Madar International School follows the K-12 American curriculum, licensed by ADEK and delivered entirely in Al Ain's Al Tiwayya district. The program runs from KG1 through Grade 12 and prepares students for a suite of high-stakes external examinations including Advanced Placement (AP), SAT, TOEFL, emSAT, and IELTS. Secondary students are streamed into one of three differentiated AP pathways — General, Advanced, and Elite — offering meaningful academic differentiation within a single-curriculum school. The school holds accreditation from Cognia (formerly AdvancED), placing it among a smaller subset of American curriculum schools in the UAE that have sought international quality validation. Among the 42 American curriculum schools in the city index, Madar is one of only a handful serving a predominantly Emirati student body, with 1,933 of its 2,110 students holding UAE nationality.

The school's most compelling headline outcome is a 100% university acceptance rate for the graduating class of 2022–2023, with 886 total graduates since founding. University destinations split 60% to UAE national universities and 40% to international institutions. Arabic, Islamic Studies, and UAE Social Studies are delivered in Arabic in alignment with the UAE Ministry of Education curriculum, and Grade 12 MoE external results are a genuine strength: both Islamic Education and Arabic as a First Language at Grade 12 recorded outstanding attainment in AY2023/24. The IBT Arabic assessment for Grades 3–9 similarly returned outstanding results in Phases 3 and 4, demonstrating real depth in Arabic-language learning for older students.

The 2024–2025 ADEK Irtiqaa inspection maintained Madar's Good overall rating — a position it has held consistently since at least 2019–2020. Inspectors rated Health and Safety as Very Good across all phases, and Parents and Community partnership as Very Good, reflecting genuine strengths in school culture and safeguarding. The SEN provision is notable in scale: 329 students of determination are enrolled and receive individualized learning plans, supported by teachers, social workers, and supervisors working collaboratively.

However, the inspection data presents a frank picture of academic underperformance in core subjects. NWEA MAP Fall results indicate very weak to weak attainment in English, mathematics, and science across Phases 2, 3, and 4. International benchmark scores compound this concern: PISA 2022 results placed students at 394 in reading, 405.8 in mathematics, and 399.9 in science — all substantially below the PISA international averages of 476, 472, and 485 respectively, and below the school's own targets. TIMSS 2023 scores ranged from 393 to 422 across Grade 4 and Grade 8 mathematics and science, against international averages of 478–503. PIRLS 2021 placed Grade 4 students at 458.30, within the low international benchmark. Mathematics attainment is rated Acceptable in Phases 2, 3, and 4 — the weakest subject strand in the school's profile. English attainment in Phase 2 (Cycle 1) also regressed to Acceptable since the previous inspection.

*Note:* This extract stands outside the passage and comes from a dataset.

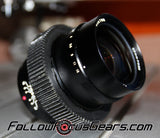Seamless Follow Focus Gear for Voigtlander 25mm f0.95 Nokton Lens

Inspectors identified several priority areas for improvement: raising mathematics attainment in Phases 2 and 3, strengthening extended writing in both Arabic and English, increasing practical scientific inquiry, improving independent use of technology for research, and reducing high staff turnover that undermines continuity. Classroom practice was noted as needing deeper student engagement through questioning and less teacher-led talk. Compared to peer American curriculum schools — where only 1 of 42 American curriculum schools in the city index holds a Very Good rating and 1 holds Outstanding — Madar's sustained Good rating is broadly representative of the sector, but the gap to Very Good remains a clear and documented challenge.